Content starts
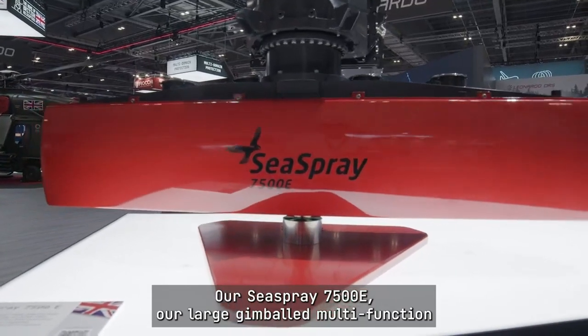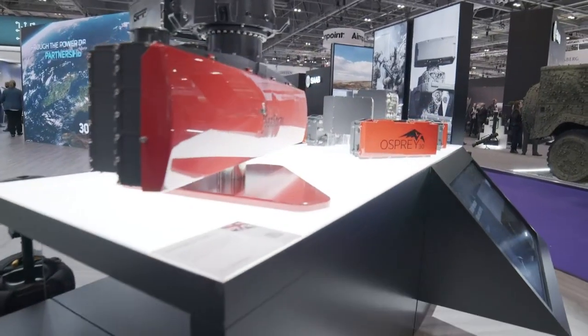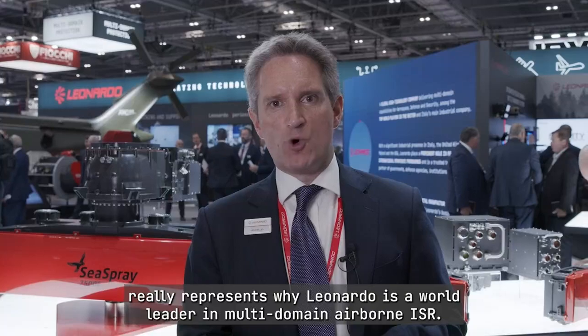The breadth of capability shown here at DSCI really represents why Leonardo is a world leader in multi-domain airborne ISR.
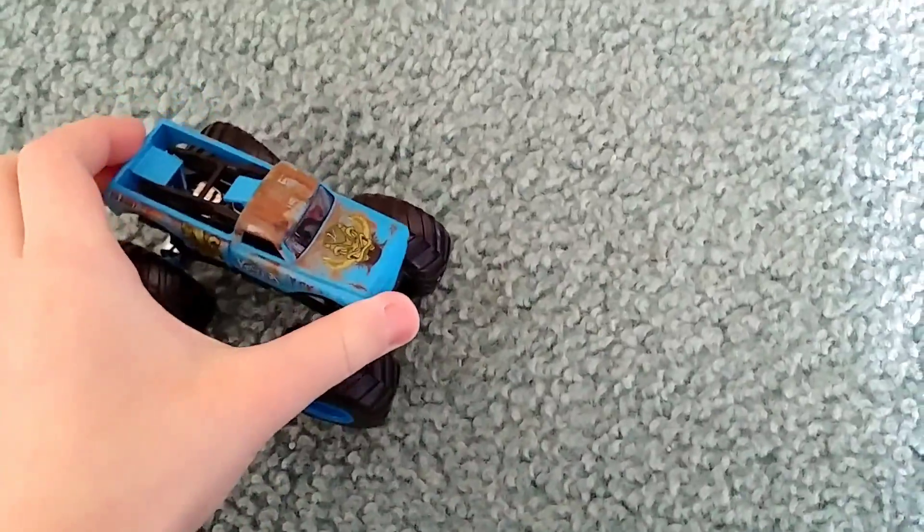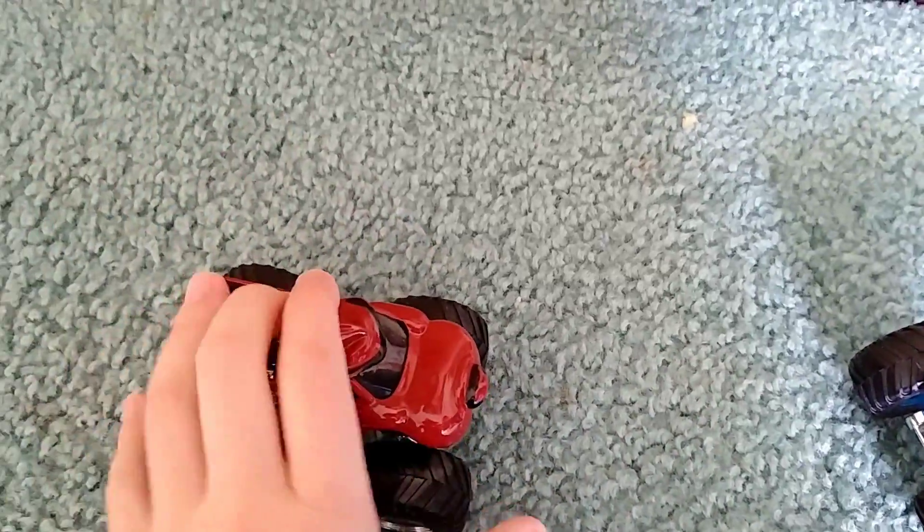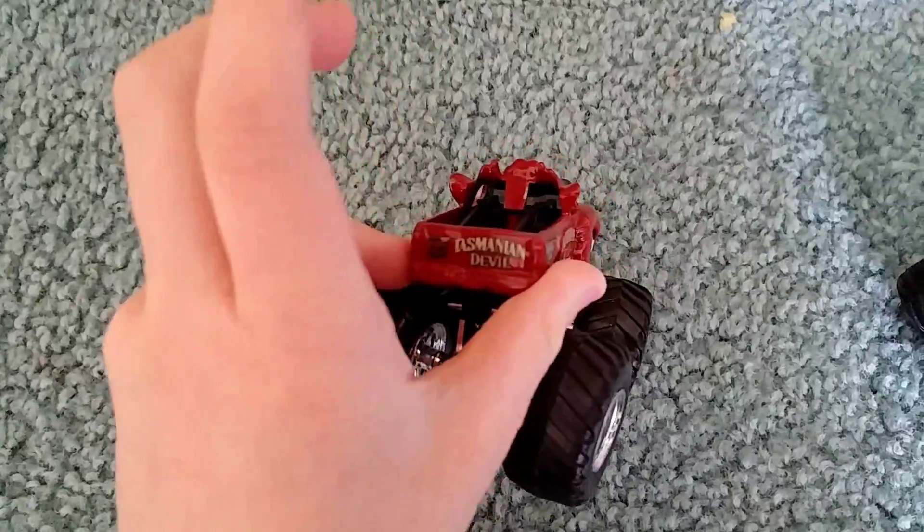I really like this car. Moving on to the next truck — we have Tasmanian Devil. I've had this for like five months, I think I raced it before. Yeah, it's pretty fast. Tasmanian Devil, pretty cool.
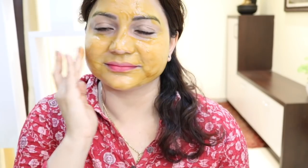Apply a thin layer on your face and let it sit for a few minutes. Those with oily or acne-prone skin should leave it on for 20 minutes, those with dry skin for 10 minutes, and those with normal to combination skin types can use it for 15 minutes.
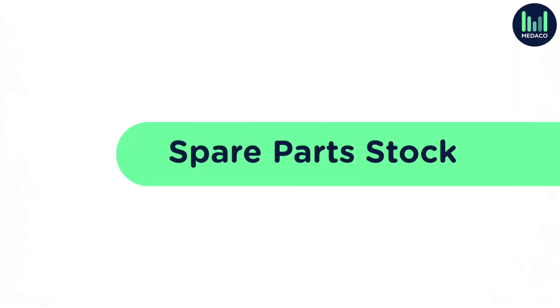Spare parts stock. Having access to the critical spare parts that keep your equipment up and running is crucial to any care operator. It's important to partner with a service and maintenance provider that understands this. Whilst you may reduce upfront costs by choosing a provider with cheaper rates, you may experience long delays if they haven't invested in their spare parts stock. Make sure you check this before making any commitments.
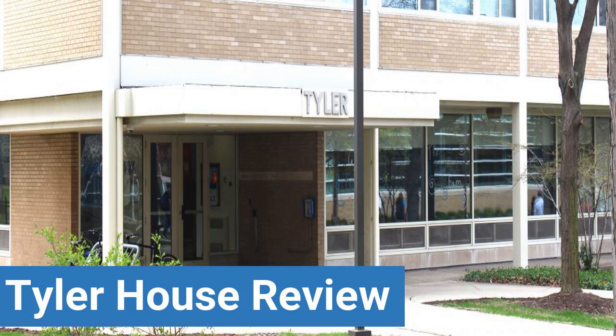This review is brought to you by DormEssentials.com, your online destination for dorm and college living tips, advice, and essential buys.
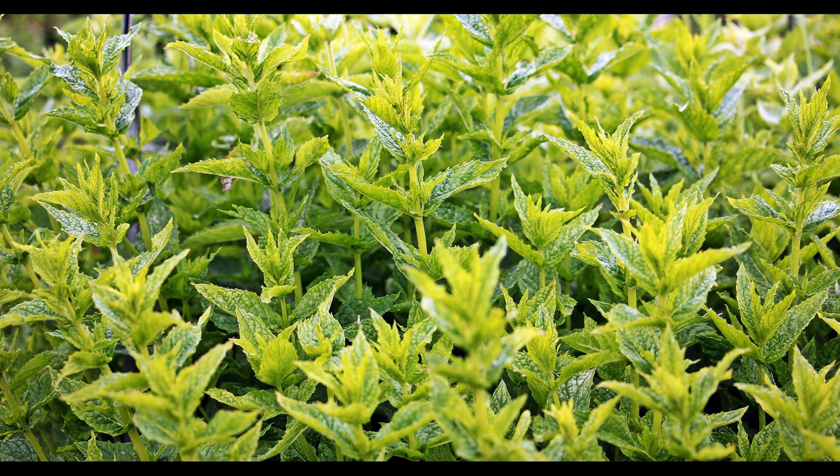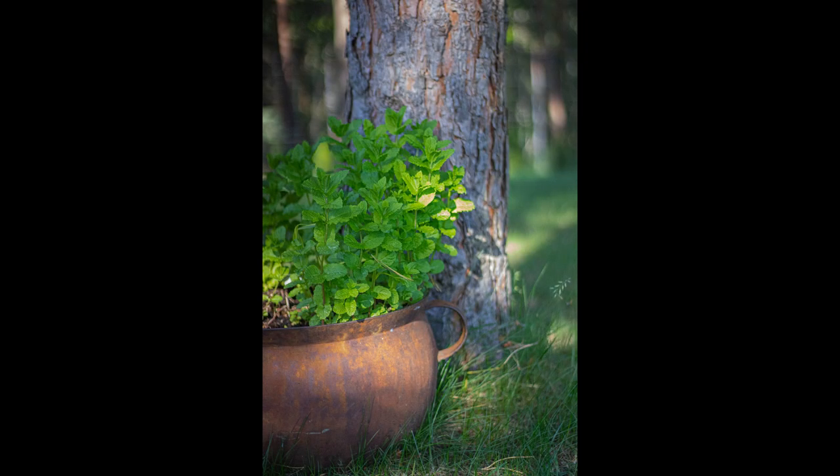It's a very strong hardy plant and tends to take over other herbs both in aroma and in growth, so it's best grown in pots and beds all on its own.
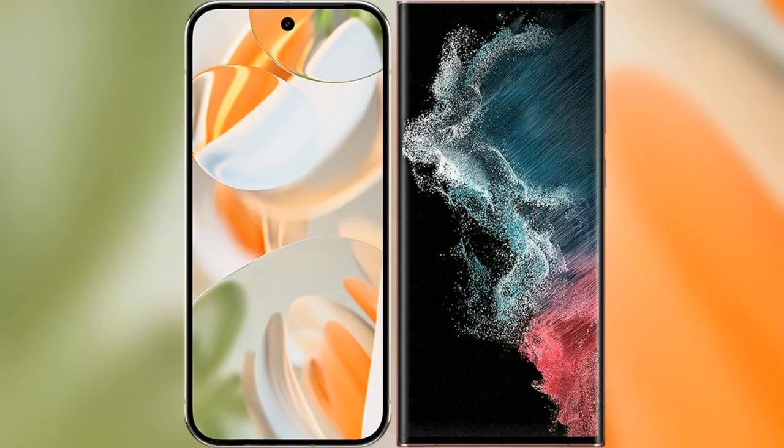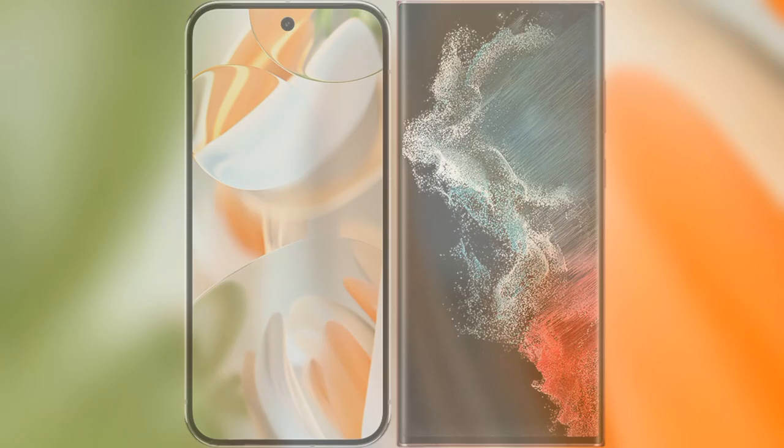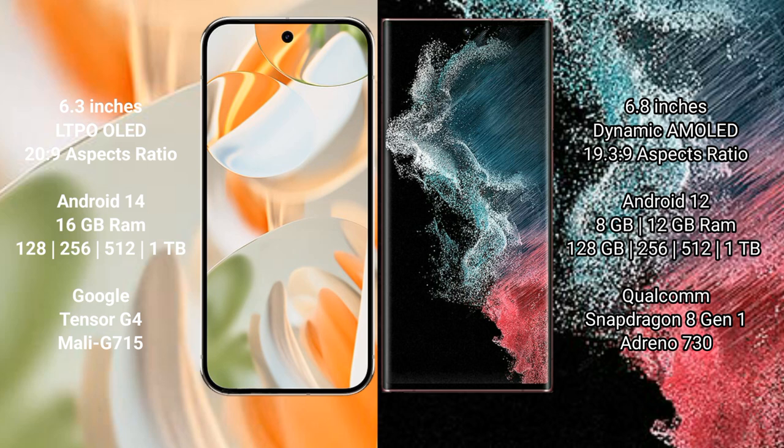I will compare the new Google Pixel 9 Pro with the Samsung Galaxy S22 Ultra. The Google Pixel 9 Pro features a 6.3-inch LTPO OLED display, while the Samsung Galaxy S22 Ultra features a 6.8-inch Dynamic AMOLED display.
Content ends
== Your assignment ==
Would you retype each line above exactly and skip every image?

== Result of this task ==
The breadth of capability shown here at DSCI really represents why Leonardo is a world leader in multi-domain airborne ISR.
I really like this car. Moving on to the next truck — we have Tasmanian Devil. I've had this for like five months, I think I raced it before. Yeah, it's pretty fast. Tasmanian Devil, pretty cool.
Apply a thin layer on your face and let it sit for a few minutes. Those with oily or acne-prone skin should leave it on for 20 minutes, those with dry skin for 10 minutes, and those with normal to combination skin types can use it for 15 minutes.
Spare parts stock. Having access to the critical spare parts that keep your equipment up and running is crucial to any care operator. It's important to partner with a service and maintenance provider that understands this. Whilst you may reduce upfront costs by choosing a provider with cheaper rates, you may experience long delays if they haven't invested in their spare parts stock. Make sure you check this before making any commitments.
This review is brought to you by DormEssentials.com, your online destination for dorm and college living tips, advice, and essential buys.
It's a very strong hardy plant and tends to take over other herbs both in aroma and in growth, so it's best grown in pots and beds all on its own.
I will compare the new Google Pixel 9 Pro with the Samsung Galaxy S22 Ultra. The Google Pixel 9 Pro features a 6.3-inch LTPO OLED display, while the Samsung Galaxy S22 Ultra features a 6.8-inch Dynamic AMOLED display.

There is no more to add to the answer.